Fermentors and Fermentor Operation #
9.7 MICROBIAL EXPERIMENTATION IN THE FERMENTATION
INDUSTRY: THE PLACE OF THE PILOT PLANT
When the microorganism used in a fermentation is new, experimentation must be carried
out to determine conditions for its maximum productivity. It is usual to initiate the
studies in a series of conical flasks of increasing size and to progress through a 10-20 liter
fermentor to a pilot plant (100-500 liter) and finally to a production plant (10,000-
200,000 liters). The processes involved in the increasing scale of operation culminating in
the production plant are known as scaling up.

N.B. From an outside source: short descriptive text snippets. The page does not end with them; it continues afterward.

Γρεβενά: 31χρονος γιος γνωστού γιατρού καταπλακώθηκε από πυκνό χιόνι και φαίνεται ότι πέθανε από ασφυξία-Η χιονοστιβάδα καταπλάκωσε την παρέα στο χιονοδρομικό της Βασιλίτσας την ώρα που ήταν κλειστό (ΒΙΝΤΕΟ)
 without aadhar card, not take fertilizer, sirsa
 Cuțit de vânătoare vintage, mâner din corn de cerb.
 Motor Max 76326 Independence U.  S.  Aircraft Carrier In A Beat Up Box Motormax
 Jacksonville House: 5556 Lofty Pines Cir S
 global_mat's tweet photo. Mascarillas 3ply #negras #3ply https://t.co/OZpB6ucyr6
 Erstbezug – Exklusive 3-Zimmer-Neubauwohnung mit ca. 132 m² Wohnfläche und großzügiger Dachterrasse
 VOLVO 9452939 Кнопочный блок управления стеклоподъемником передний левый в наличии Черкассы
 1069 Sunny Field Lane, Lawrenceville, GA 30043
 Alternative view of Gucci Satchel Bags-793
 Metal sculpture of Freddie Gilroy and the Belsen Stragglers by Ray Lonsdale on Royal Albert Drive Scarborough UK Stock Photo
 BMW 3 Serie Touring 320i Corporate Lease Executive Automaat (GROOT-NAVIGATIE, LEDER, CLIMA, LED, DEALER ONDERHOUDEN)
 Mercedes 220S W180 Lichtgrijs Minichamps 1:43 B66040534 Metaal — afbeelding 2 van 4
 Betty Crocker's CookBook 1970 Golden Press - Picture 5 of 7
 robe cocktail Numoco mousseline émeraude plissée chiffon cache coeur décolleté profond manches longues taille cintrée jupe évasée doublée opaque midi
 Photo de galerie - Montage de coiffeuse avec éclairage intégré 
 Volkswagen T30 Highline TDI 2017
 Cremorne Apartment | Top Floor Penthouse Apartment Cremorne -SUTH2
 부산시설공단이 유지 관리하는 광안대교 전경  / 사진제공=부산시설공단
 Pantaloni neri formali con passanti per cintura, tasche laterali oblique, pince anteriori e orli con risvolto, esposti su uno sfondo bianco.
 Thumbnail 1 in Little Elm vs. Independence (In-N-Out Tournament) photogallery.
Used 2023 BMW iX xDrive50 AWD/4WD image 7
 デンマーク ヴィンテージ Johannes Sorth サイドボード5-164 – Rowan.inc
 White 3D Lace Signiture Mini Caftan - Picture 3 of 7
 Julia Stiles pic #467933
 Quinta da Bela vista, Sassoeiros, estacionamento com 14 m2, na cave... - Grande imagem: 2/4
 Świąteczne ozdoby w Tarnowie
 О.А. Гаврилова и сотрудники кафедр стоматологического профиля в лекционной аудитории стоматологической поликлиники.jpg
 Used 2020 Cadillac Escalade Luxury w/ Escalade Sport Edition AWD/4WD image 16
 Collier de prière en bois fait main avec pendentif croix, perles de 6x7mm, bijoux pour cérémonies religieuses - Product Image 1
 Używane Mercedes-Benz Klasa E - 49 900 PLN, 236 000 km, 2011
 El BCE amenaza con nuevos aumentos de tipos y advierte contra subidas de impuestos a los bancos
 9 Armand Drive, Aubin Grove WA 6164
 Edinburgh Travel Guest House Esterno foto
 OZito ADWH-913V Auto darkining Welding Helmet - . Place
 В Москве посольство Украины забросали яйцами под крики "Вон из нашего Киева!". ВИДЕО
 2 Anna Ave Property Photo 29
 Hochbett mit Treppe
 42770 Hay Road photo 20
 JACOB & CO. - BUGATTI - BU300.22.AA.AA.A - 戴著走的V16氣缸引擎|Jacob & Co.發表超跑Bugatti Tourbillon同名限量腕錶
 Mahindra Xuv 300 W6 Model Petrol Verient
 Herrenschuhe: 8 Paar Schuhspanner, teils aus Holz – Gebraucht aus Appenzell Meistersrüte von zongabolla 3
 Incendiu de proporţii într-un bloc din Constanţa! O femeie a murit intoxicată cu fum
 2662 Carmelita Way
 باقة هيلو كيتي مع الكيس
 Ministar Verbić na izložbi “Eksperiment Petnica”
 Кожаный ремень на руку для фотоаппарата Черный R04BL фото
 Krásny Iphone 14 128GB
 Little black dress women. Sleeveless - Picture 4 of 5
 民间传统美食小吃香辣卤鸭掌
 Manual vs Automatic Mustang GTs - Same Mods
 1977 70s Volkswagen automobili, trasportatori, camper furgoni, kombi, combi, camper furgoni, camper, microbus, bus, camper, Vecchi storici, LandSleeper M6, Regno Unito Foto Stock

On the other hand, in a well-established fermentation procedure, any change to be
introduced must be experimented on and tested out in a pilot plant whose function is to
simulate the conditions and structures of the production plant. This procedure is often
referred to as scaling down. The processes of scaling up and scaling down are essentially
in the domain of the chemical engineer who depends on data supplied by the
microbiologist.
Information gathered at the shake flask stage is used to predict requirements in the
pilot plant which itself serves a similar purpose for the production plant. The optimum
requirements of medium composition, aeration, temperature, redox potential, pH,
foaming, etc., are determined and extrapolated for the next higher scale. The pilot
fermentor is also used for training new recruits in the fermentation industry; it may also
be used for continuous fermentation where a large enough number of them exist.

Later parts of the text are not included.